START Dataset records
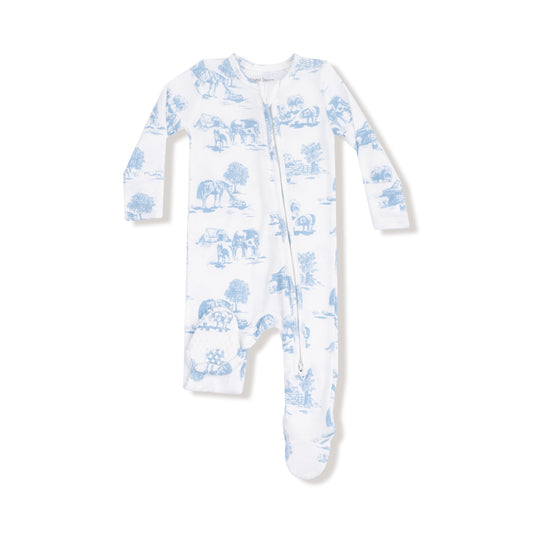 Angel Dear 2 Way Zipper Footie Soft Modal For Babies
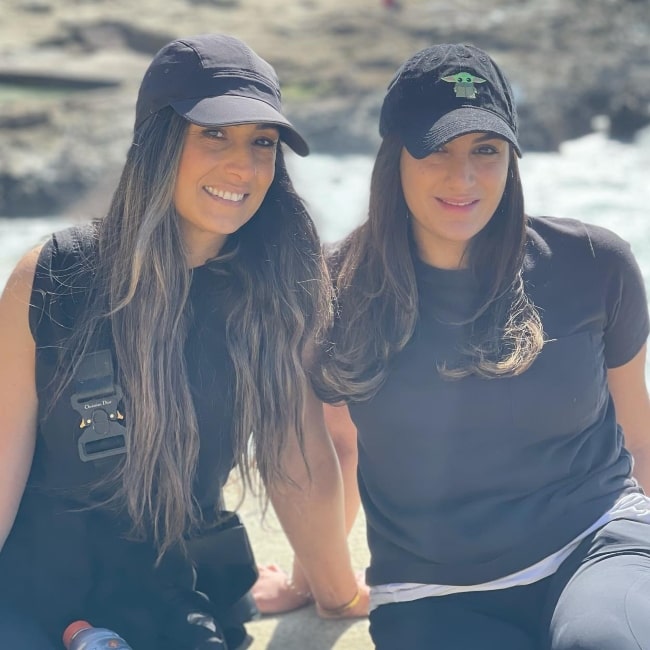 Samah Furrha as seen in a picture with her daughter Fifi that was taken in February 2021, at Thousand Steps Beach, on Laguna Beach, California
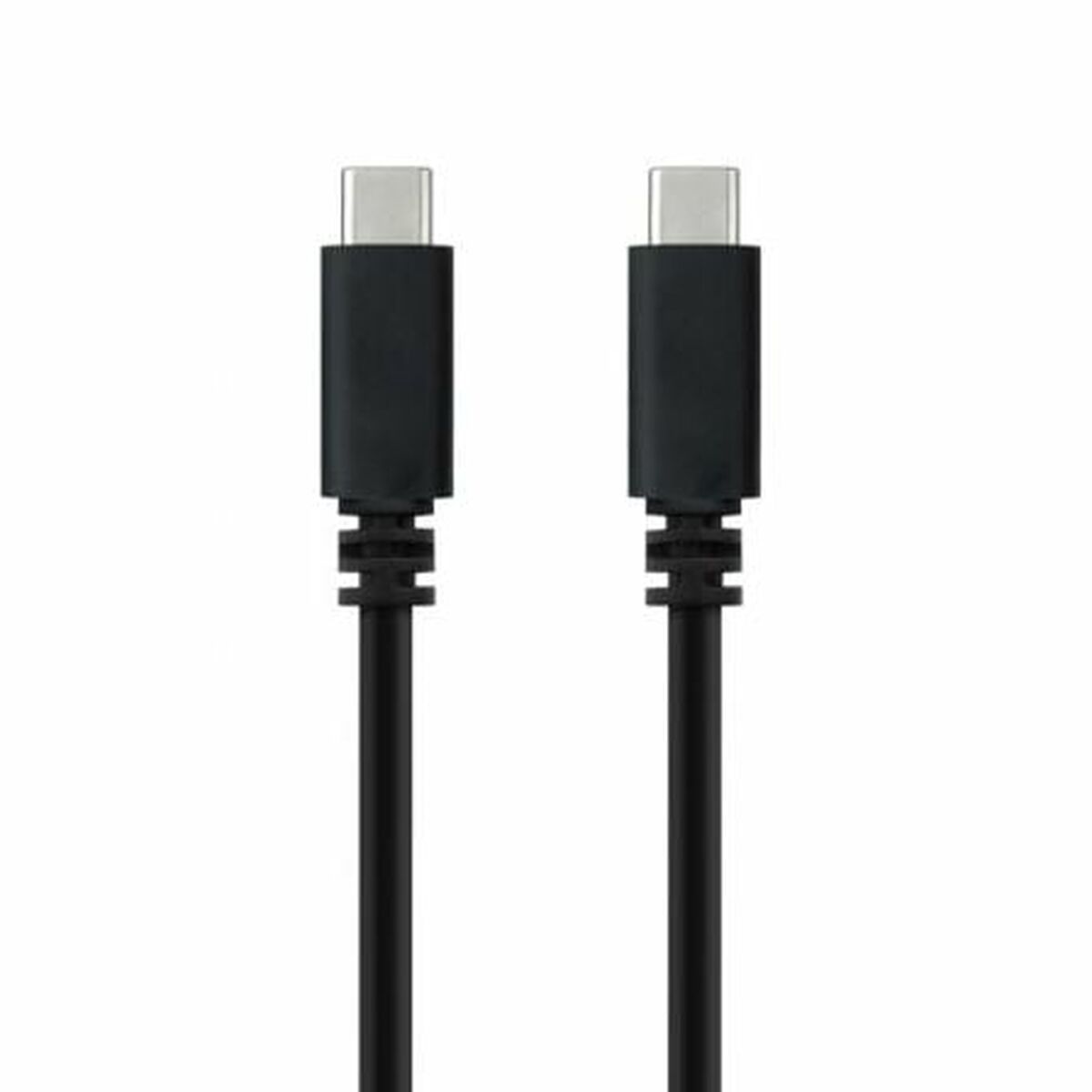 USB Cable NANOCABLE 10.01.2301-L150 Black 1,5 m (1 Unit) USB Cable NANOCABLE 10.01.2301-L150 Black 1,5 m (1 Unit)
END Dataset records
START Dataset records
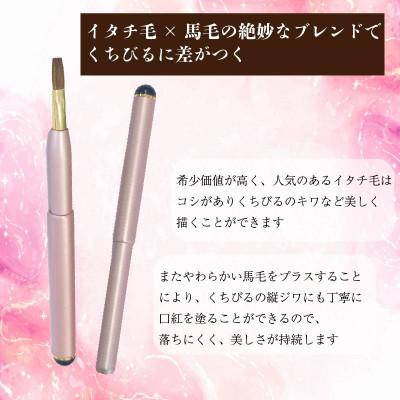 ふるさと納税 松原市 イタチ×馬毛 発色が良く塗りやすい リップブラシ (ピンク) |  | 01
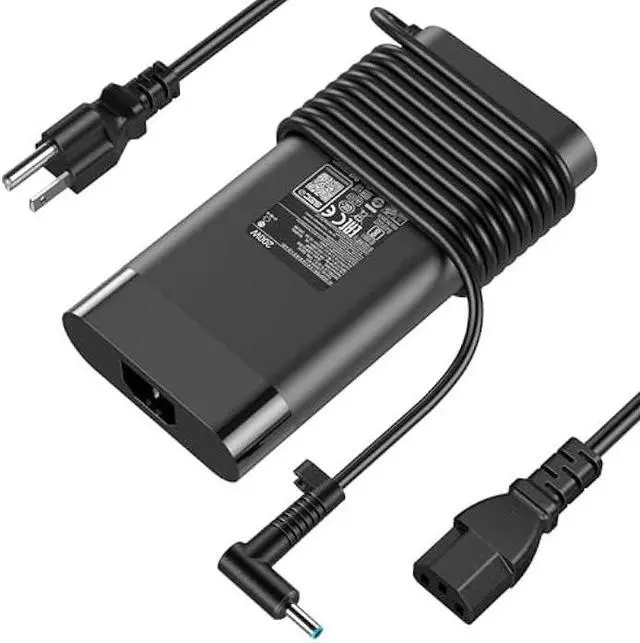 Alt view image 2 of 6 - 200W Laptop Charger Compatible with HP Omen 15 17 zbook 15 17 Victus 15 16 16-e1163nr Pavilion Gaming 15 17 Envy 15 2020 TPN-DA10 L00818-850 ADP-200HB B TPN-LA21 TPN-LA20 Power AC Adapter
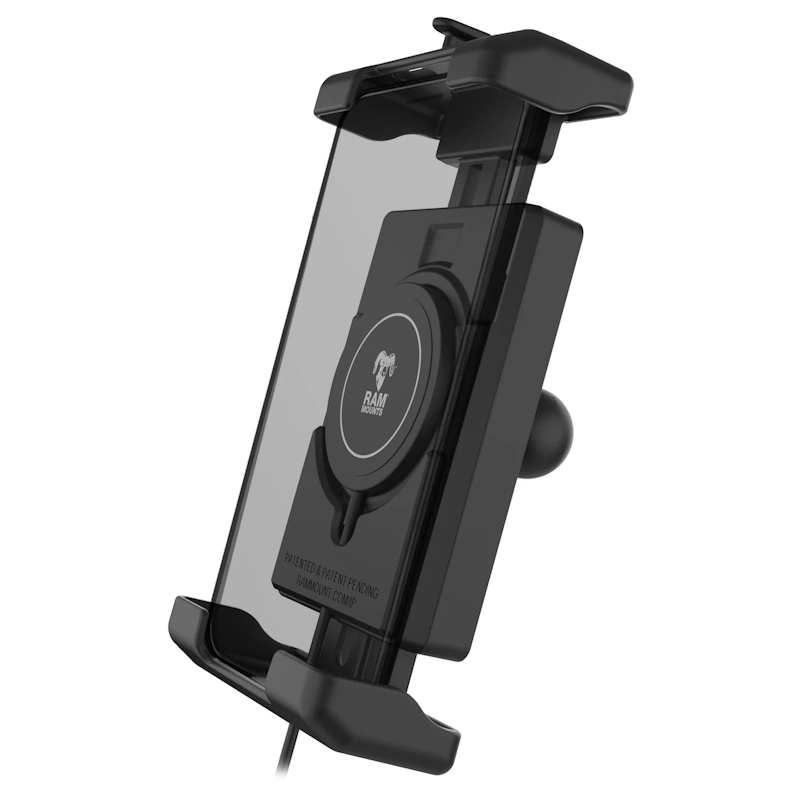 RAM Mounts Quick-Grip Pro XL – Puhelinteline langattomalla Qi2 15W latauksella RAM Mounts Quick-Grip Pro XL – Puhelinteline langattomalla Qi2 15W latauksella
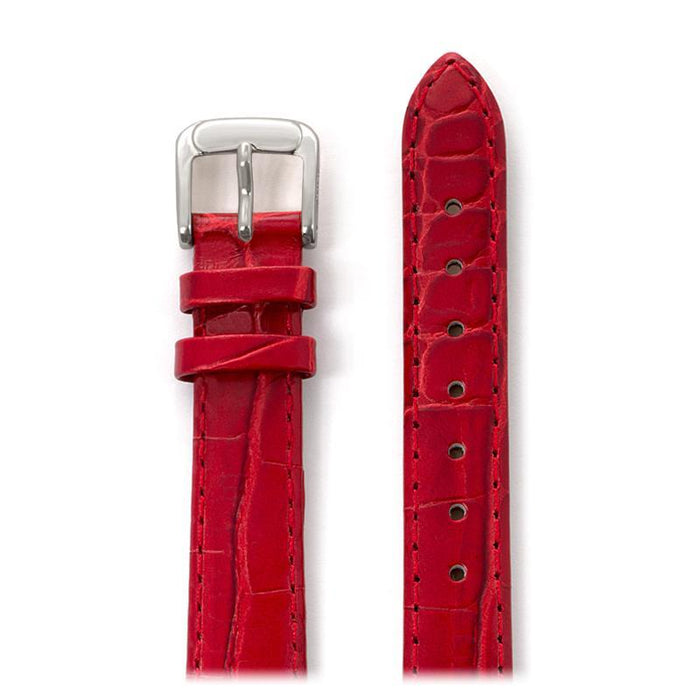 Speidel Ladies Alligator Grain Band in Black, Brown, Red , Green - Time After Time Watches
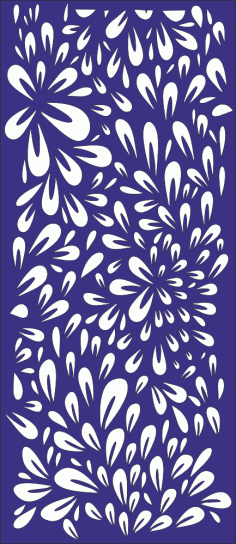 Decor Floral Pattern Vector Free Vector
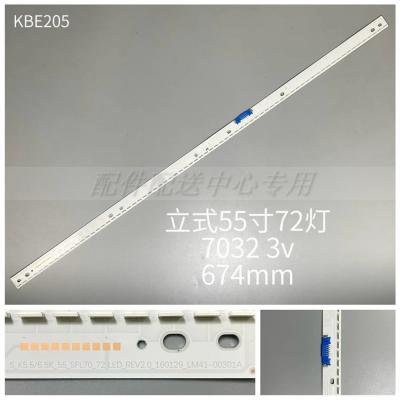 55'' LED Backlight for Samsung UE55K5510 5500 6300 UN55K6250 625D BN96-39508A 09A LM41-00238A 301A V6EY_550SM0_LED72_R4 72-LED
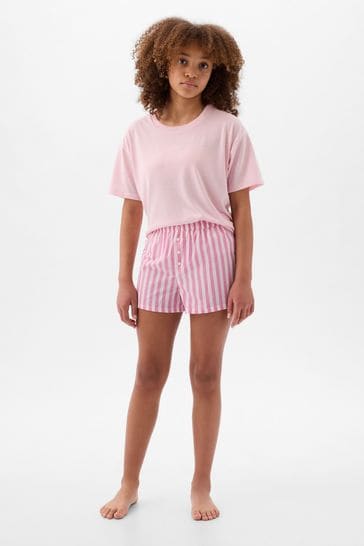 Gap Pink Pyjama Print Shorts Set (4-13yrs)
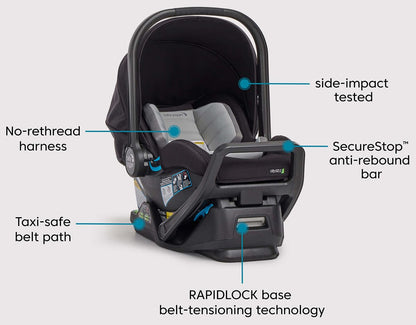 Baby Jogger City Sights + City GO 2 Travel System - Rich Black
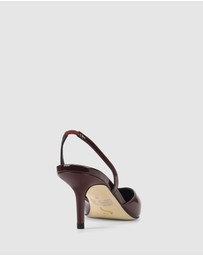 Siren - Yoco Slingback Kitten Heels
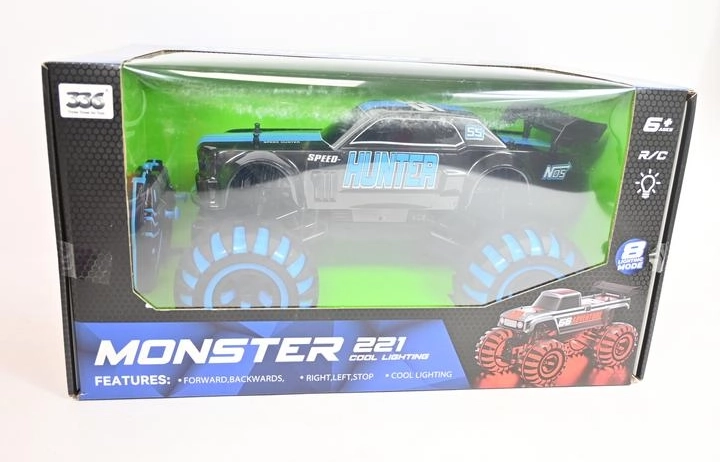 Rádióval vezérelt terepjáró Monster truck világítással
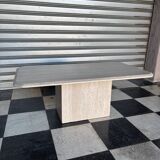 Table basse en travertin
END Dataset records
START Dataset records
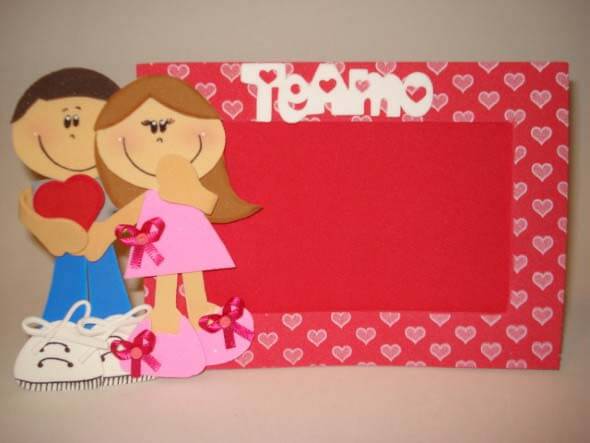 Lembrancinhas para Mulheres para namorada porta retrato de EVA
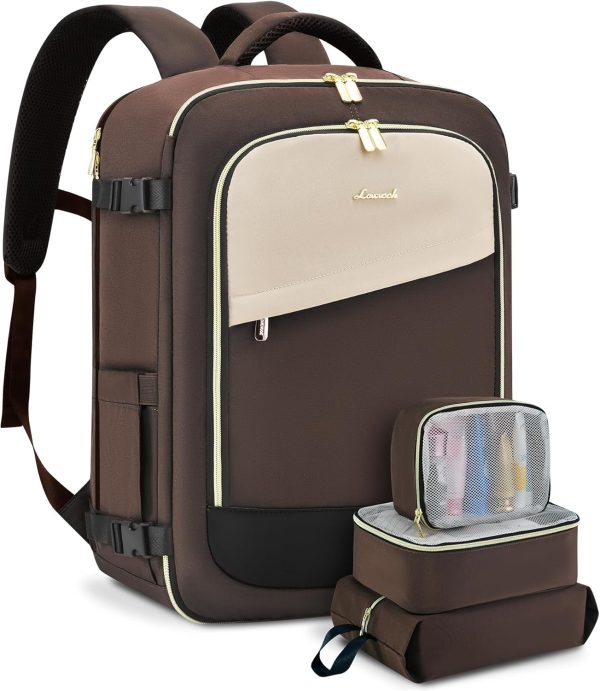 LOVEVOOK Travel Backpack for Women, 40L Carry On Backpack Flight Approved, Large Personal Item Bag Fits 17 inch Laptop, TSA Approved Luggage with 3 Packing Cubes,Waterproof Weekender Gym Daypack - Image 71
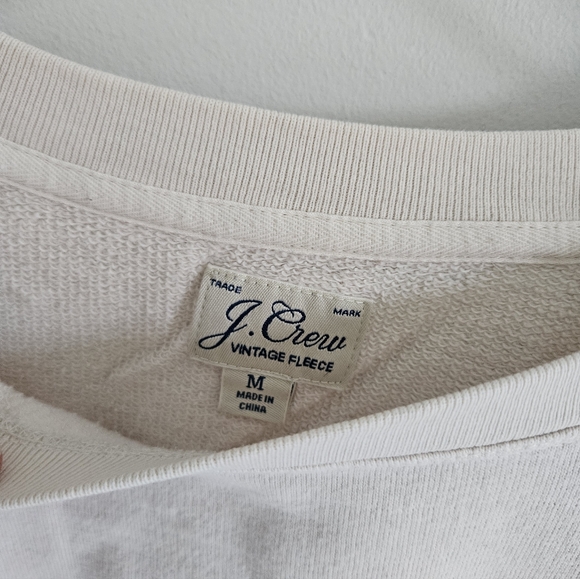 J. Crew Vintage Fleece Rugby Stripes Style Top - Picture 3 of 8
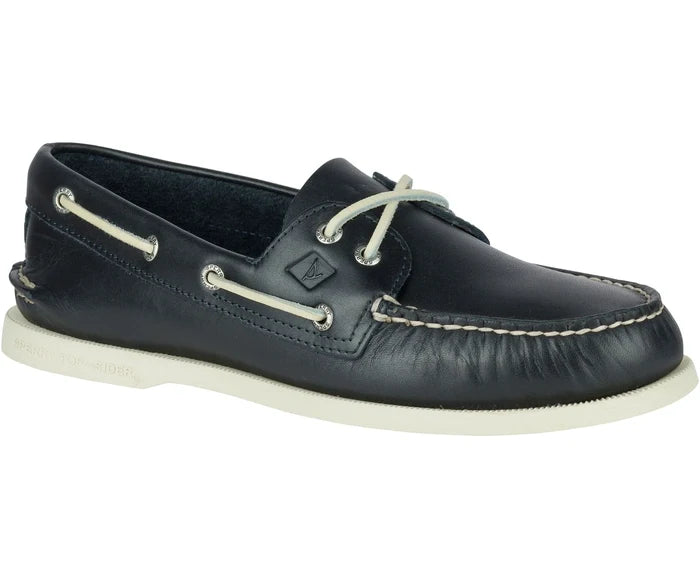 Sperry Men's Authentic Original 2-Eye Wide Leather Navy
END Dataset records
# Activity:
Reproduce the lines above beginning at the line that contains "Gap Pink Pyjama Print Shorts Set (4-13yrs)" and ending at the line that contains "Table basse en travertin". No pictures.

# Written response:
 Gap Pink Pyjama Print Shorts Set (4-13yrs)
 Baby Jogger City Sights + City GO 2 Travel System - Rich Black
 Siren - Yoco Slingback Kitten Heels
 Rádióval vezérelt terepjáró Monster truck világítással
 Table basse en travertin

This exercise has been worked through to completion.